Serum leptin is low in children with end-stage liver disease but does not show the expected correlation with measures of body fat mass. Surprisingly, following orthotopic liver transplantation serum leptin falls significantly despite significant increases in measures of body fat mass (triceps skinfold thickness standard deviation scores, mid-arm circumference standard deviation scores). Orthotopic liver transplantation restores the expected correlation of serum leptin with measures of body fat mass within the treatment group. The elevation of serum leptin above predicted levels in paediatric end-stage liver disease offers a mechanism for the anorexia and cachexia characteristic of this disease.
瘦素是ob基因的产物,被认为是一种肥胖的反馈调节因子,具有抑制食欲和分解代谢的作用。分解代谢状态与因营养和代谢紊乱导致的体脂量减少有关。先前在多种分解代谢状态下均有血清瘦素水平降低的描述。目前尚不清楚所观察到的瘦素变化是肥胖改变的原因还是结果。小儿终末期肝病(ESLD)的特征是体脂量减少和线性生长不良。原位肝移植(OLT)成功治疗后会伴随体脂量增加。我们研究了以下假设:小儿ESLD患者血清瘦素水平会降低,OLT术后体脂量增加会导致血清瘦素水平升高。
采用放射免疫分析法测定成功接受OLT的小儿ESLD患者术前和术后以及年龄匹配对照组儿童的血清瘦素和胰岛素水平。
伦敦国王学院医院门诊的24例小儿ESLD患者和10例年龄匹配的对照组儿童。
根据标准技术进行人体测量,并根据人群标准得出标准差(SDS)。采用放射免疫分析法测定血清瘦素和胰岛素水平。
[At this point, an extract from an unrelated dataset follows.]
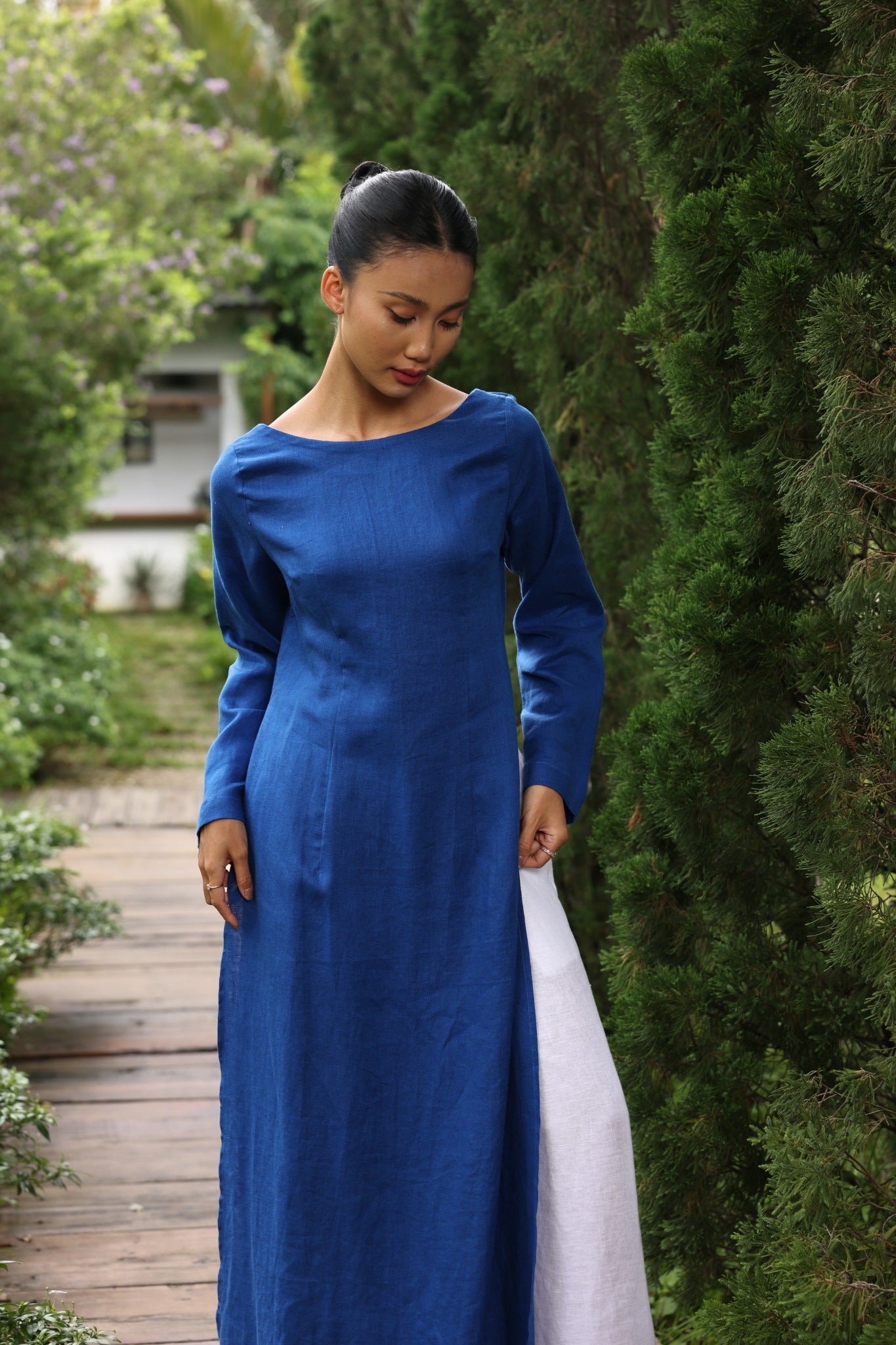 Woman in a blue dress standing in a garden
OLT术前血清瘦素水平为4.06微克/升(中位数[3.45, 5.68],第25和第75四分位数间距),显著低于对照组(6.62微克/升,[4.33, 8.05],P = 0.02)。OLT术后,血清瘦素水平降至显著低于术前值的水平(3.32微克/升,[2.30, 3.99],P = 0.01)。术前男孩和女孩之间无显著差异(男孩:3.64微克/升,[2.45, 5.57],女孩:4.14微克/升,[3.18, 5.65]),术后也无显著差异(男孩:3.32微克/升,[2.93, 3.62],女孩:3.69微克/升,[2.23, 4.63])。OLT时的年龄和采血时的年龄与OLT术前或术后血清瘦素均无相关性。术前患儿存在明显营养不良,体脂量测量值较低(上臂中部周长(MAC)SDS -1.90 [-4.67, -1.07];三头肌皮褶厚度(TSF)SDS -1.53,[-2.23, -0.23];体重指数(BMI)16.2,[15.5, 16.9])。OLT术后3个月,MAC SDS(-0.77,[-1.08, -0.20],P = 0.02)和TSF SDS(-0.41,[-1.95, -0.38],P = 0.003)有显著改善,但BMI无显著变化(15.9 [15.3, 16.7],P = 0.41)。术前,血清瘦素对数与BMI、MAC SDS或TSF SDS均无相关性。相比之下,OLT术后,血清瘦素对数与BMI(r = 0.59,P = 0.003)、MAC SDS(r = 0.49, P = 0.01)和TSF SDS(r = 0.41, P = 0.05)呈正相关。对照组儿童的BMI与血清瘦素对数也呈正相关(r = 0.64, P = 0.04)。
终末期肝病患儿血清瘦素水平较低,但与体脂量测量值未显示出预期的相关性。令人惊讶的是,原位肝移植术后尽管体脂量测量值(三头肌皮褶厚度标准差评分、上臂中部周长标准差评分)显著增加,但血清瘦素却显著下降。原位肝移植在治疗组中恢复了血清瘦素与体脂量测量值之间的预期相关性。小儿终末期肝病患者血清瘦素高于预测水平为该病特征性的厌食和恶病质提供了一种机制。